Параллельно с работой над «Аполлоном» и «Одой» я вёл сезон в Монте-Карло — сезон, начавшийся 4 апреля и продолжавшийся до 6 мая. 9 мая мы уехали в Париж, но не оставались там и 11 мая отправились в бельгийское турне. Сергей Павлович пробыл только три дня в Брюсселе, для того чтобы присутствовать на открытии Дворца изящных искусств (Palais des Beaux Arts), в котором мы давали грандиознейший спектакль, напомнивший мне Версаль 1923 года. В Париж должны были прийти пакеты с какими-то книгами, и Дягилев торопился вернуться в Париж.

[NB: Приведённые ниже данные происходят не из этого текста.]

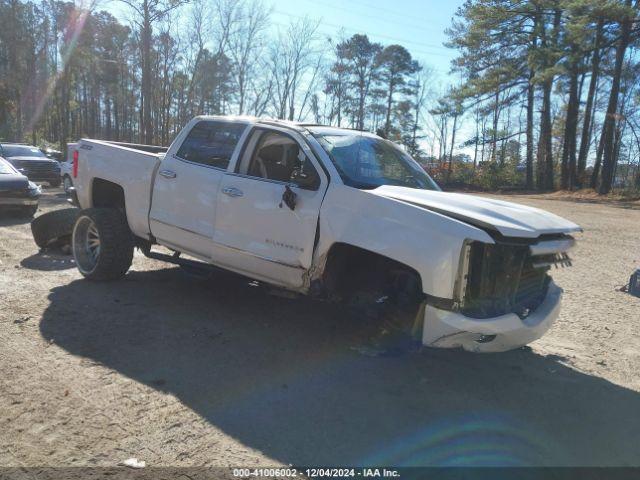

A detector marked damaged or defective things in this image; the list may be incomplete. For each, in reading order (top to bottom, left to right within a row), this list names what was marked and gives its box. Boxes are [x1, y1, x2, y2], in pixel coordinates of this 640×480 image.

detached wheel on ground [31, 208, 79, 249]
detached wheel on ground [72, 207, 133, 282]
crushed front bumper [422, 282, 564, 352]
damaged front end [424, 235, 576, 352]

Началось наше турне Антверпеном, Льежем и Брюсселем. В Брюсселе, в Театре de la Monnaie, произошел позорный, грандиозный провал. В программе спектакля (23 мая) были «Триумф Нептуна», «Весна священная» и «Волшебная лавка». Мы играли без генеральной репетиции, и играли позорно: «Триумф Нептуна» вместо сорока пяти минут продолжался час с четвертью.
2 и 3 июня мы участвовали в традиционном «празднике нарциссов» в Монтре (давали «Чимарозиану», «Сильфид» и «Князя Игоря»). 4 июня были уже в Париже — 6 июня начинался наш двухнедельный весенний парижский сезон в Театре Сары Бернар. Директора театра братья Изола, преклонявшиеся перед Дягилевым, горячо шли навстречу всем его художественным пожеланиям. Много хлопотал также Жорж-Мишель, занимавшийся прессой и рекламой. Брюнов, как всегда (еще с 1910 года), готовил программу с великолепными воспроизведениями постановок и с фотографиями артистов (с брюновских программ в публике и подымаются требования к художественности программы).
6 июня состоялась премьера «Оды» (вместе со «Стальным скоком» и «Свадебкой») и была встречена очень благожелательно и публикой, и прессой; все: и музыка, и декорации, и применение кинематографа, и особенно мы, артисты-исполнители,— заслужило полное одобрение, и это как будто примирило Сергея Павловича с «Одой». Все же событием сезона была не «Ода», а «Аполлон», впервые поставленный 12 июня (и после этого он шел ещё пять раз). Сдержанный в оценке «Оды», Дягилев писал об «Аполлоне»: «Балет Стравинского — большое событие в музыкальном мире, „Аполлона" я считаю одним из его шедевров, плодом подлинной художественной зрелости. Стравинский стремится к величавому спокойствию... Хореографическая часть поставлена Баланчиным в полном согласии с духом музыки Стравинского. Это классика в современном аспекте — музы в „тю-тю"[имеются в виду тюники – ред.] особой формы. Декорации — французского художника Андре Бошана, художника, примыкающего к группе, восходящей к „таможеннику" Анри Руссо. Сейчас как раз его выставка в галерее „Мажелан". Наивный, искренний подход, совершенно особый, резко отличающийся от шаблонных греческих постановок... Постановку танца я считаю исключительно удачной».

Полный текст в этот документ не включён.